**Your task:** Output the lines from the one containing "3D Illusion Pumpkin" through the last line of the material below, exactly; please do not include pictures.

**Material provided:**
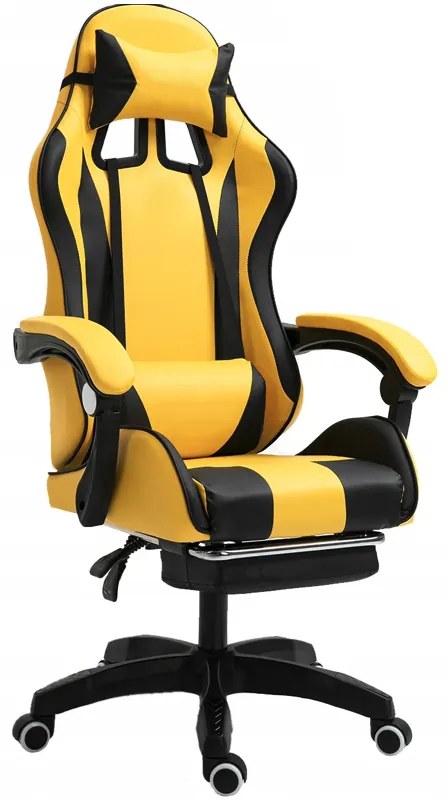 Comoda sedia da gaming con cuscino giallo e nero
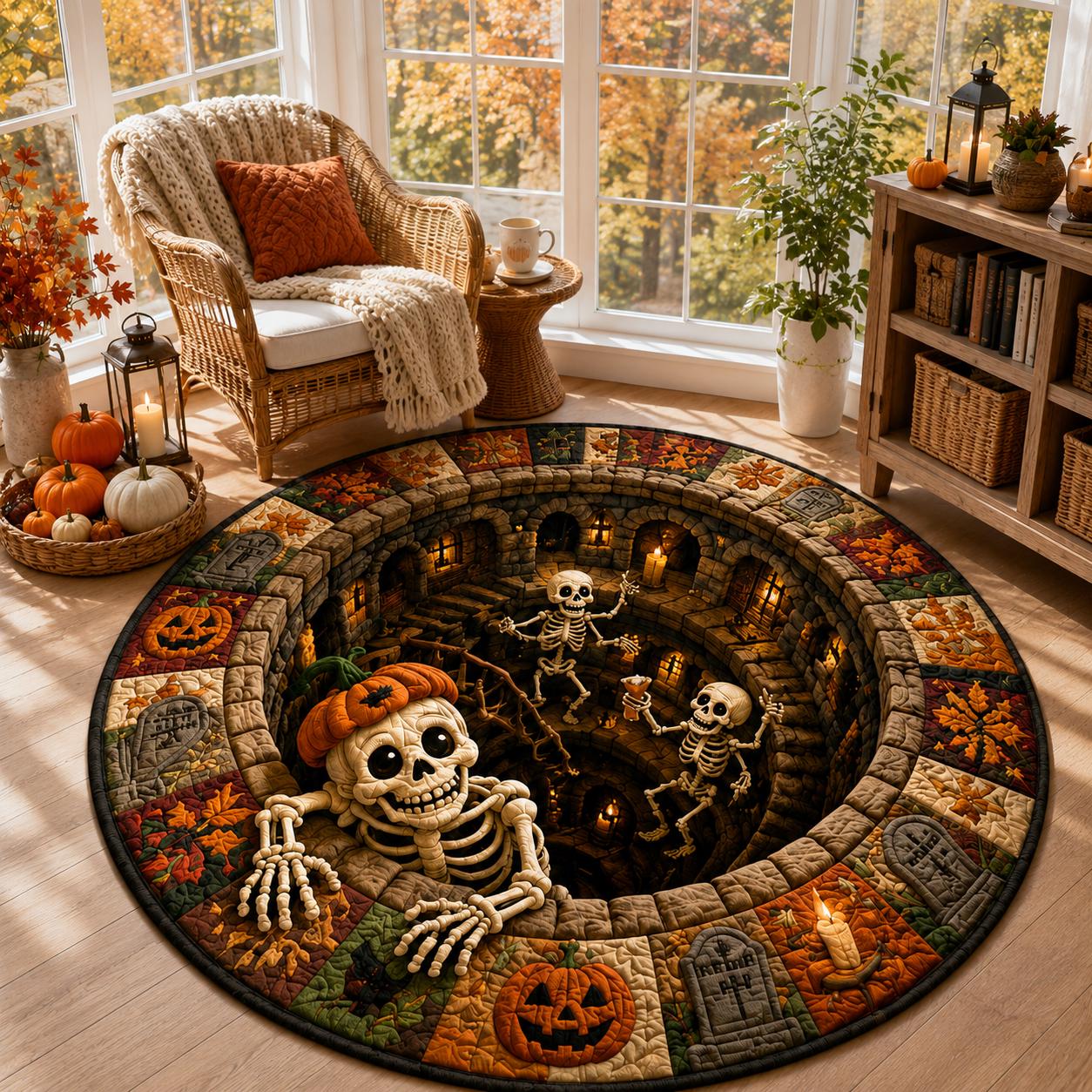 3D Illusion Pumpkin Skeleton Halloween Round Rug, Spooky Haunted Graveyard Cemetery Floor Mat and Home Decor - photo 5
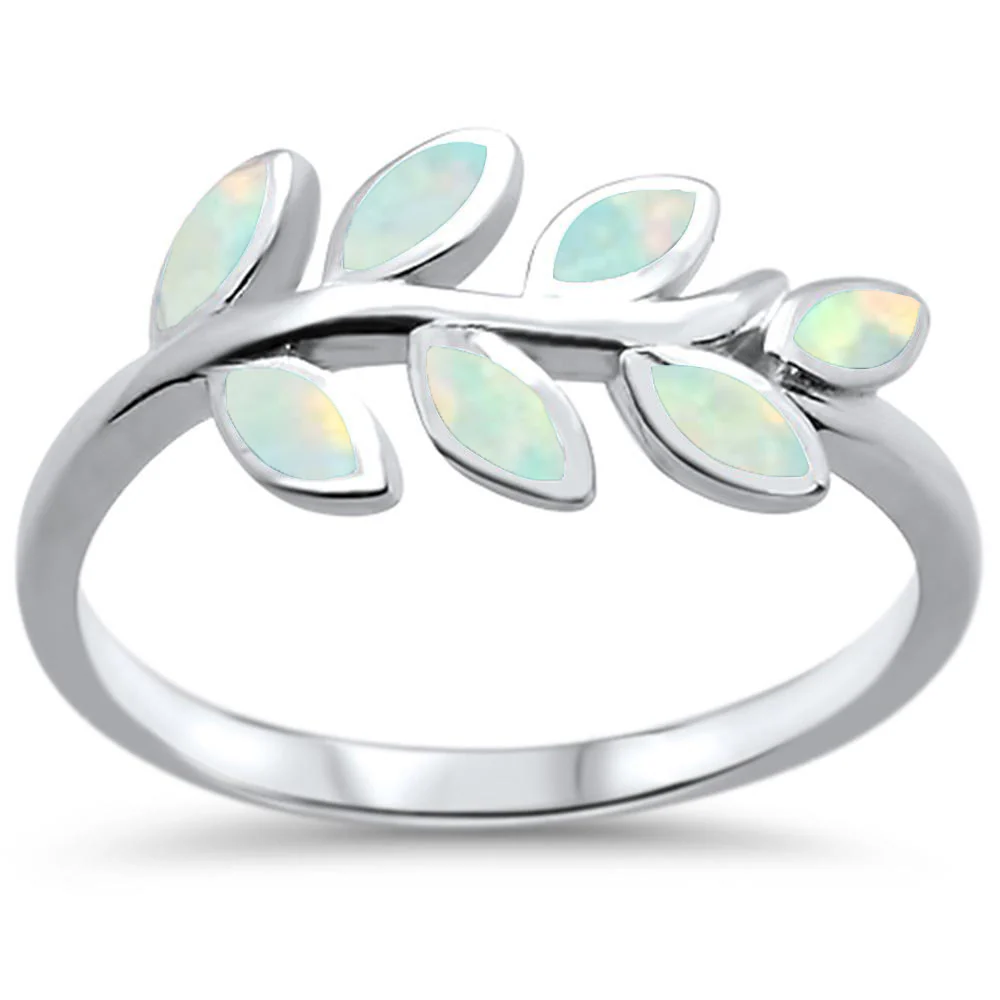 White Opal Leaf Design .925 Sterling Silver Ring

**Solution to this task:**
 3D Illusion Pumpkin Skeleton Halloween Round Rug, Spooky Haunted Graveyard Cemetery Floor Mat and Home Decor - photo 5
 White Opal Leaf Design .925 Sterling Silver Ring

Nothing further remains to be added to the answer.